MURAT — Korkma. Kimseye söylemem. Ama böyle bir suça da âlet olmam. Kusura bakma.
"Feza girer.”

Sahne 2
FEZA — Ne konuşuyorsunuz?
MURAT — Öteden beriden. Ne olacak?
FEZA — Cezmi’nin neden suratı asık? Bir şey mi oldu?
CEZMİ  Yok bir şey. Can sıkıntısı, o kadar.
FEZA — Canın bir şeye sıkılmış, belli. Anlatmayacak mısın?
"Murat ile Cezmi birbirine bakar."
CEZMİ — Önemli değil. Anlatmaya değmez.
MURAT — Öğrencilik yaşamında her şey olur. Bazan yazılıdan kırık not alınabilir. Bu demek değildir ki dünyanın sonudur.
FEZA — Tarih dersinden mi söz ediyordunuz yoksa?
"Murat ile Cezmi susarlar."
Anlıyorum. Ben de boş verdim kâğıdımı. Baksanıza, üzülüyor muyum? Daha çok yoklama olacağız. Düzeltmek elimde. Bir sıkı çalıştımmı en iyi notlan alırım. Bu kadar basit.
MURAT  Ben de öyle söylüyorum. Ama dinlemiyor.

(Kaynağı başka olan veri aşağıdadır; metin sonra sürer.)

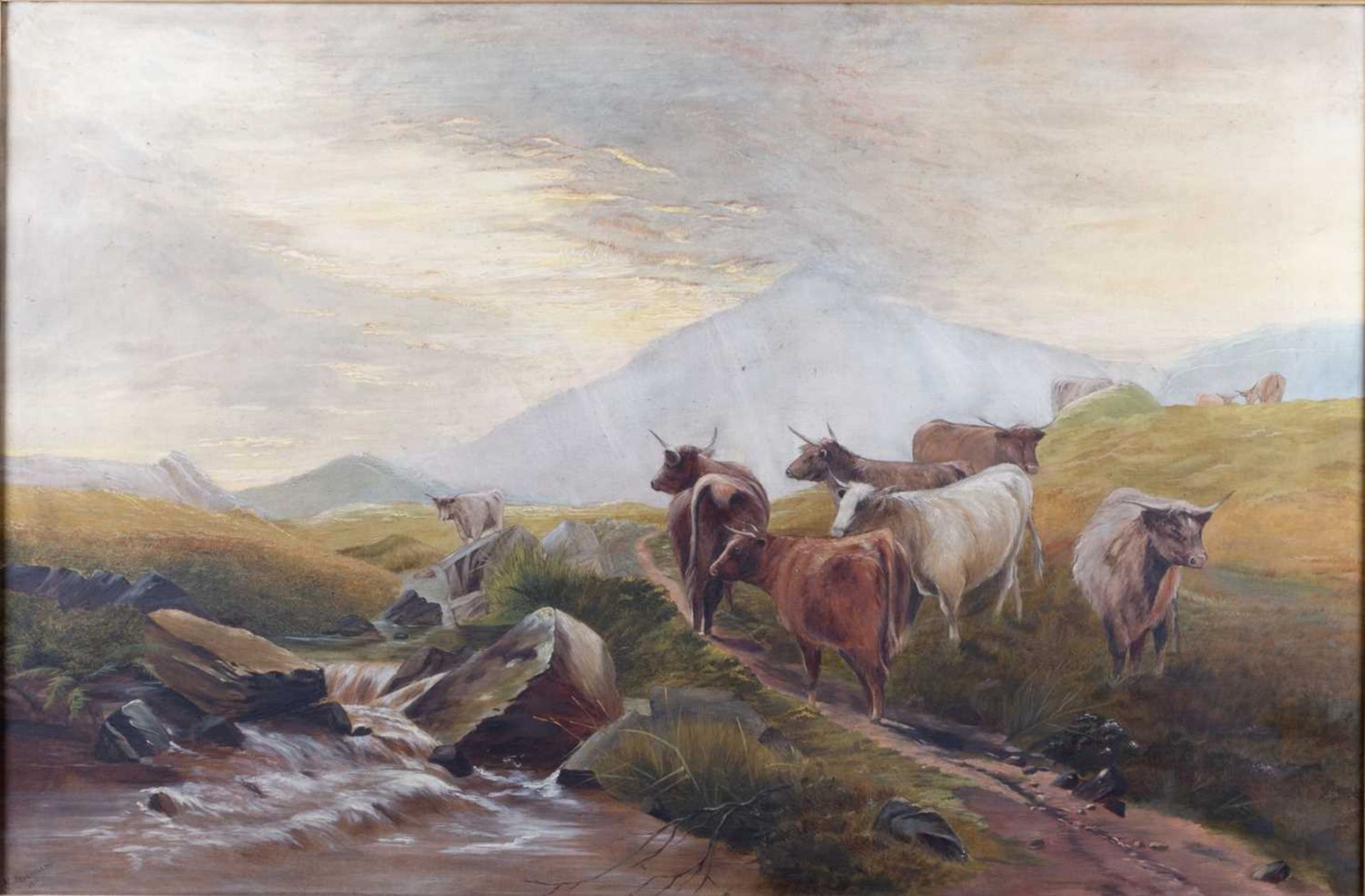 M STAIRMAND (19TH/20TH CENTURY HIGHLAND CATTLE NEAR A RIVER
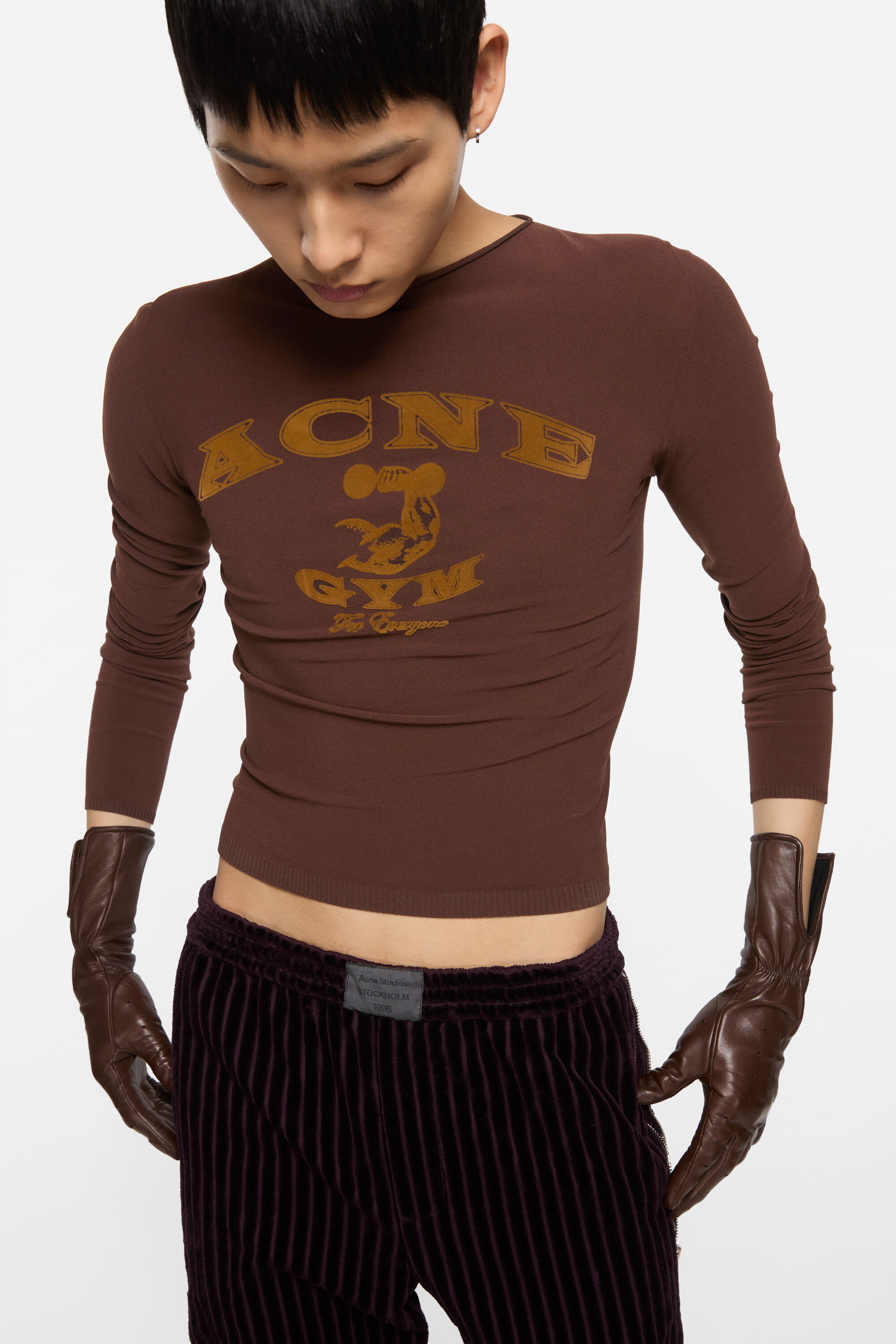 Fitted crewneck knit - Burgundy/brown - 4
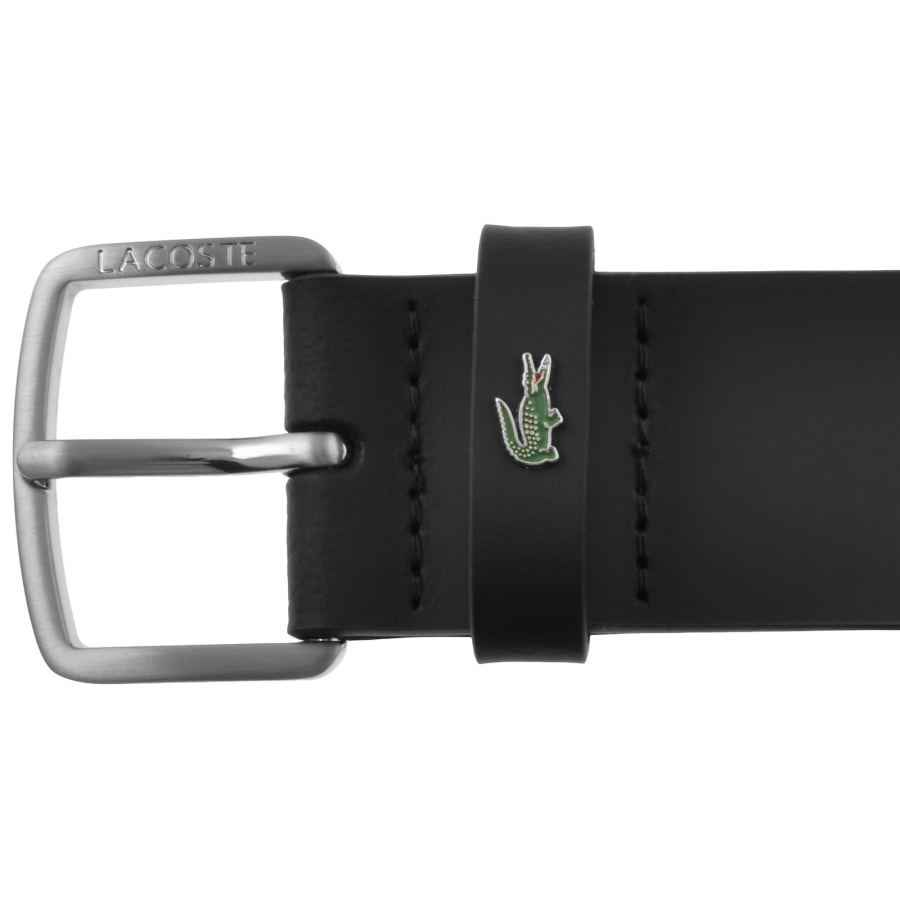 Image number 3 for Lacoste Leather Belt Black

CEZMİ — Madem açıldı, söyleyeyim. Ben o yazılı kâğıdımı değiştirip yerine doğru yanıtlanmış kâğıdı koyacağım.
FEZA — Olur mu dersin? Yapabilir misin?
CEZMİ — Denemeye değer sanırım.
MURAT Yanılıyorsunuz. Böyle başarı olmaz.
FEZA — Peki, bu işi nasıl başaracağını sanıyorsun?
CEZMİ — Biliyorsunuz, öğretmenimiz kâğıtları sınıfta, teneffüslerde inceler. Belki de şimdi yine oradadır. Kapıyı vurup gireceğim. Kâğıtları inceleyip incelemediğine bakarım. Bu arada Tarihten bir konuyu anlamadığımı söylerim. Onun hana anlatmasını isterim. Bu yeter bana. Çıkarım. O zaman birine gereksinmem olacak.
FEZA — Neden?
CEZMİ — Bayılıp düşecek birine. Numaradan tabii. Koşup haber vereceğim.
Hemen öğretmen dışarı çıkacak. Ben de o arada kâğıdımı değiştireceğim. Bu
kadar basit.
MURAT — O bayılan kişi ne olacak?
CEZMİ — Ben de arkadan gelip revire kaldırmasına yardım edeceğim.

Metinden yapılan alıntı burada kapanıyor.